24-bit to 32-bit conversion in C++

Question

I need to convert a 24-bit integer (2s compliment) to 32-bit integer in C++. I have found a solution here, which is given as

int interpret24bitAsInt32(unsigned char* byteArray)
 {     
    return (  
        (byteArray[0] << 24)
    |   (byteArray[1] << 16)
    |   (byteArray[2] << 8)
    ) >> 8;  
}

Though I found it is working, I have the following concern about the piece of code. byteArray[0] is only 8-bits, and hence how the operations like byteArray[0] << 24 will be possible? It will be possible if the compiler up-converts the byteArray to an integer and does the operation. This may be the reason it is working now. But my question is whether this behaviour is guaranteed in all compilers and explicitly mentioned in the standard?
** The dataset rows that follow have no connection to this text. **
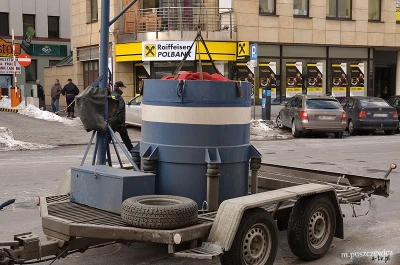 Alarm bombowy przy Centrum Kwiatkowskiego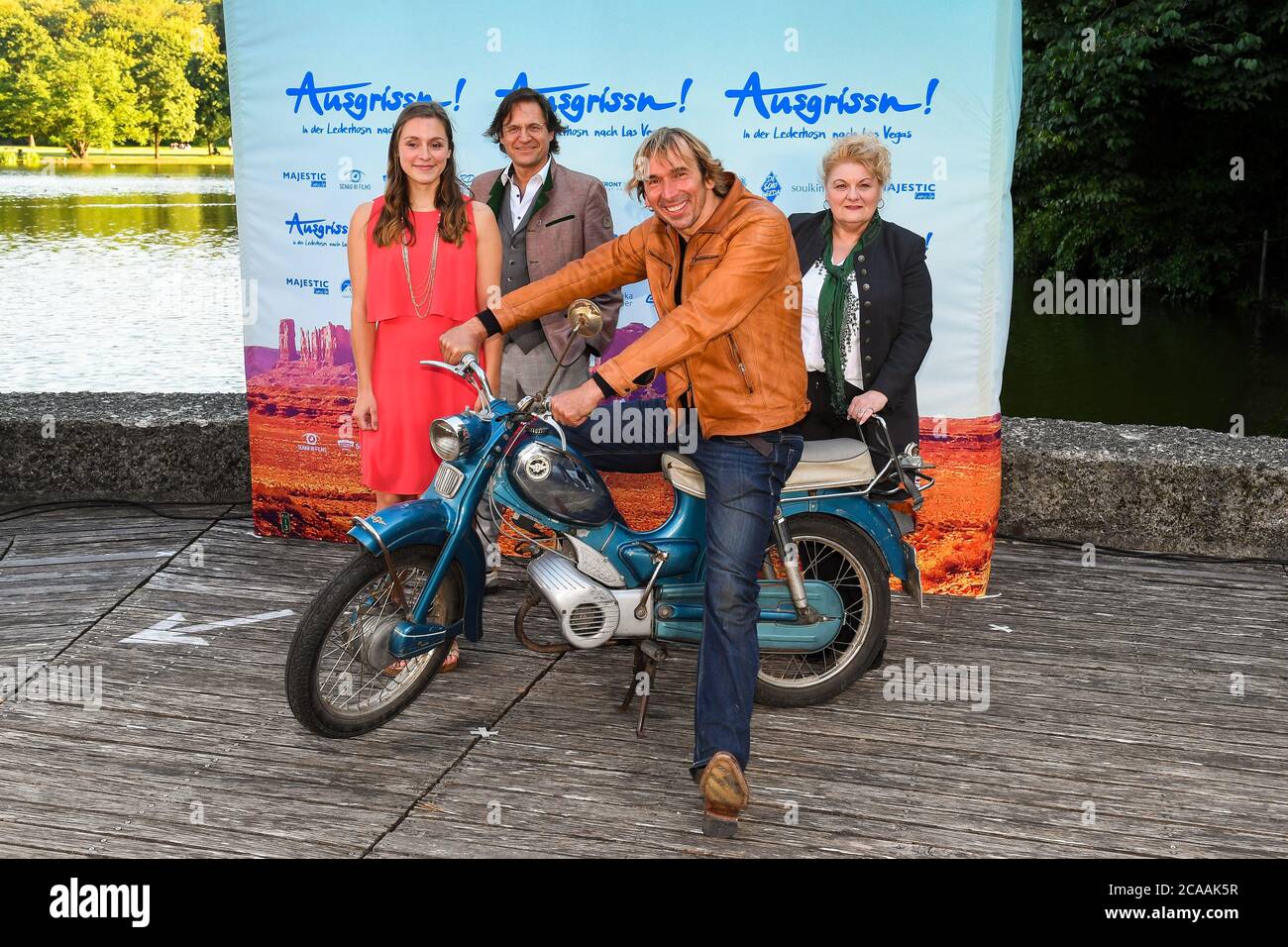Munich, Germany. 05th Aug, 2020. The actors Stephanie Liebl (l-r), Winfried Frey, Arnd Schimkat and Angelika Sedlmeier, recorded at the premiere of the film 'Ausgrissn!' at the open air cinema 'Kino, Mond und Sterne'. The film will be released in German cinemas on 13.08.2020. Credit: Tobias Hase/dpa/Alamy Live News Stock Photo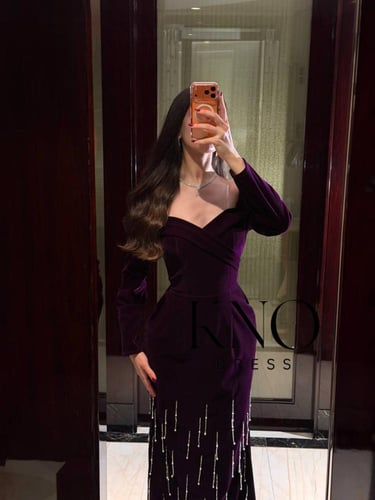 فستان جوخ فاخر مع تطريز يدوي مباشر يضيف له لمسة فخ...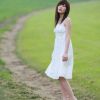 青青草地上的一位白雪公主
It is not trivial to me as we are not explicitly giving the compiler any clue that the target is a 32-bit integer!

Also, please let me know any improvisation like vectorization is possible to improve the speed (may be using C++11), as I need to convert huge amount of 24-bit data to 32-bit.

Is [this](https://stackoverflow.com/questions/30473958/what-is-going-on-with-bitwise-operators-and-integer-promotion) helpful? — ChrisD, Dec 15 '19 at 17:15
Note that the code you presented above is not C++ since `byte[] byteArray` is not valid C++ syntax. Is this really about C++ or maybe some other language!? What type is `byte`? — Michael Kenzel, Dec 15 '19 at 17:19
`byteArray[0] << 24` invokes undefined behavior, if `byteArray[0] > 127`, because it overflows. — mch, Dec 15 '19 at 17:21
@MichaelKenzel: there is [std::byte](https://en.cppreference.com/w/cpp/types/byte) (C++17) — Jarod42, Dec 15 '19 at 17:22
`char *` is even worse than the syntax error with `[]` between type and name. — mch, Dec 15 '19 at 17:23
If you're *just* worried about the 32-bitness of the target `int` then you can use `size_t s = sizeof(int)` and change the `<<` values accordingly. If you're also concerned about a byte *not* being 8 bits (which *is* allowed) then you'll also need to do some tricks with `CHAR_BIT` (defined in `limits.h`). — Adrian Mole, Dec 15 '19 at 17:25
@AdrianMole I am worried how the compiler can up-convert unsigned char to int. — Soo, Dec 15 '19 at 17:30
Are you asking about the how? By copying the 8bit value into an 32bit register. Or are you asking about the why or if it is mandatory? — mch, Dec 15 '19 at 17:33
I'm not 100% sure, but I think the `<<` operator *promotes* its arguments before its does the shift. Others here will be more certain. Certainly, the `24` literal is an `int` ***not*** anything shorter. — Adrian Mole, Dec 15 '19 at 17:37

mch · Answer 1 · 2019-12-15T19:16:34.273

1

int32_t interpret24bitAsInt32(unsigned char* byteArray)
{     
    int32_t number =
        (((int32_t)byteArray[0]) << 16)
    |   (((int32_t)byteArray[1]) << 8)
    |   byteArray[2];
    if (number >= ((int32_t)1) << 23)
        //return (uint32_t)number | 0xFF000000u;
        return number - 16777216;
    return number;
}

this function should do what you want without invoking undefined behavior by shifting a 1 into the sign bit of int.
The int32_t cast is only necessary if sizeof(int) < 4, otherwise the default integer promotion to int happens.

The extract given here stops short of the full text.